The Spice benchmarks were compiled with ReleaseFast and executed under a benchmark runner which does a warmup phase (3 seconds) followed by taking 50 samples. We report the total mean scaled by number of nodes in the tree.

$ zig version
0.14.0-dev.564+75cf7fca9

Rayon

The Rayon benchmarks were executed using Criterion which does a warmup phase followed by taking 50 samples. We report the total mean scaled by number of nodes in the tree.

$ rustc --version
rustc 1.77.2 (25ef9e3d8 2024-04-09) (built from a source tarball)
$ cargo --version
cargo 1.77.1

Discussion

Baseline implementation: Both languages perform better on the small tree compared to the large tree. This can be explained by the smaller tree being able to fit in cache. Interestingly, the Rust implementation is twice as slow as Zig's (7.48 ns vs 3.63 ns) for the large tree. It's not obvious why this is the case. (Another interesting anecdote: On a M3 Pro then Spice using 1 thread is actually faster than the baseline implementation despite it definitely containing more instructions. This shows that it can be hard to reason about performance on the presence of caches, pipelining and branch predictions.)

Overhead: Looking at the case of 100 million nodes we see that Rayon adds roughly ~15-20 ns of overhead. Considering the overall amount of work is just ~7 ns this makes Rayon unsuitable for parallelizing this problem: Using 4 threads were only barely faster than the baseline implementation, but wasting 4x the resources. The minimum amount of work should rather be in the range of microseconds. Spice on the other hand has a sub-nanosecond overhead and is capable of reducing the latency of ~3.3x by using 4 cores.

Scalability: Rayon shows good scalability when the tree is large enough: Latency is reduced by ~14x by using 16 cores. In comparison, Spice only achieves ~11x speed-up in the same scenario. Considering the design of Spice this is most likely caused by poor scheduling and idle threads and not competing threads.
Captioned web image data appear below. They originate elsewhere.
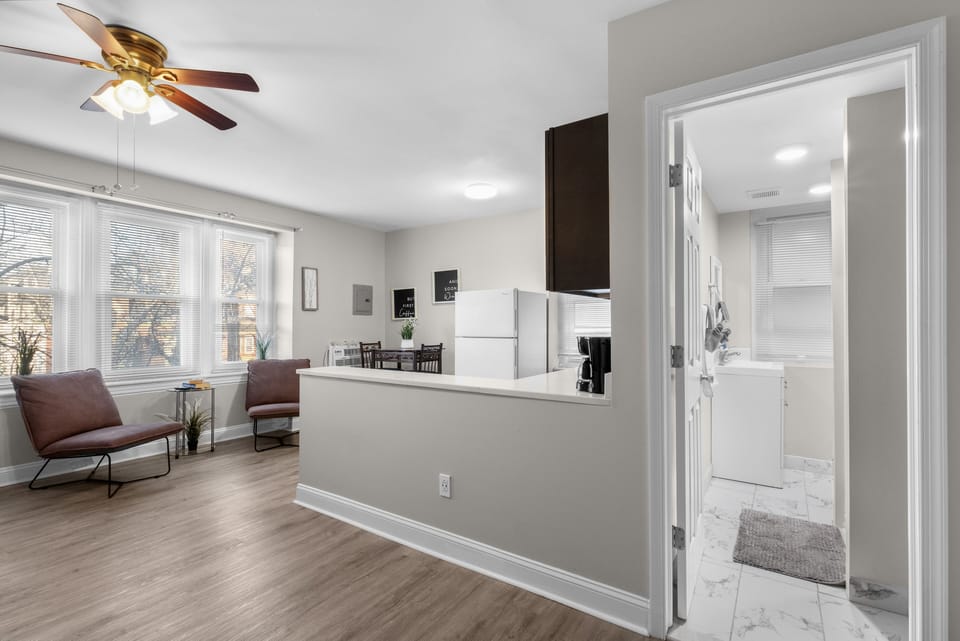 Hardwood floors throughout the living and sleeping area
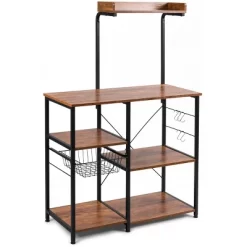 Costway 4-Tier Vintage Kitchen Baker's Rack Utility Microwave Stand W/ Basket & 5 Hooks -Furniture Specialty Store GUEST 65643966 2c05 48c1 81b0 8cfbbf53ef78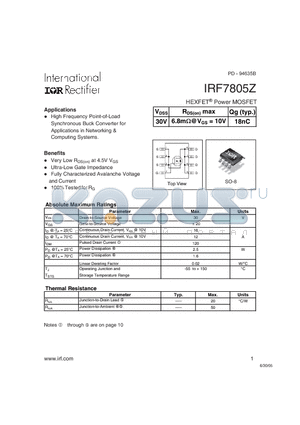 IRF7805Z datasheet - HEXFET Power MOSFET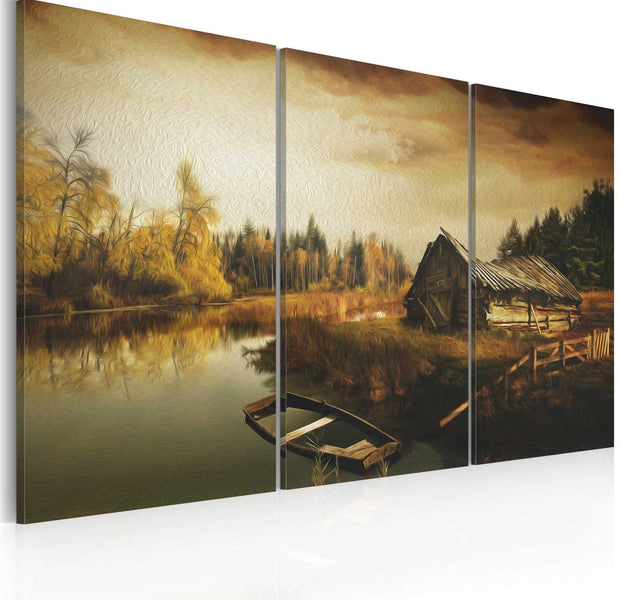 Stretched Canvas Landscape Art - Idyllic Village 3 Piece-Tiptophomedecor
Contention: For the case where we have a small tree (1000 nodes) we see that Rayon struggles a lot. The initial overhead is similar (~19 ns), but there's no real performance gain by increasing the number of threads. There's some slight improvements going from 1 to 4 threads, but the overall latency becomes worse as it increased. At 32 threads it suddenly becomes ~60x slower than the baseline implementation. This behavior is consistent with competing threads (i.e. retries in a lock-free queue). Spice on the other hand shows consistent performance regardless of the number of threads. This is due to the fact that since the overall duration is so short none of the threads actually gets scheduled any work to do.

Future work

To explore this area further we recommend:

  • Explore the scheduling choices of Spice: Spice showed subpar scalability most likely related to its scheduling mechanism. Further exploration into the heartbeat mechanism could possibly unlock increased scalability.
  • Increase the smallest unit of work: Run a benchmark with highly CPU-bound and configurable work (i.e. SHA1 hashing repeated x times). Try with increasing the duration of the smallest unit of work and measure the overhead. This can validate whether our assumption that "the overhead is constant" is true or not.
  • Run a parallel-baseline version: For this particular problem there is a trivial fixed way of parallelizing it: For e.g. 4 threads take the 4 nodes that are grand-children of the root and evaluate their sum in each thread. Then in the main thread wait for the result and finally sum them together with rest. This should have the minimal amount of overhead in terms of thread-scalability and should give an upper bound of how well this problem scales.
  • Run benchmarks with performance counters at high scale: Performance counters should be able to tell whether threads are idle or competing as we scale.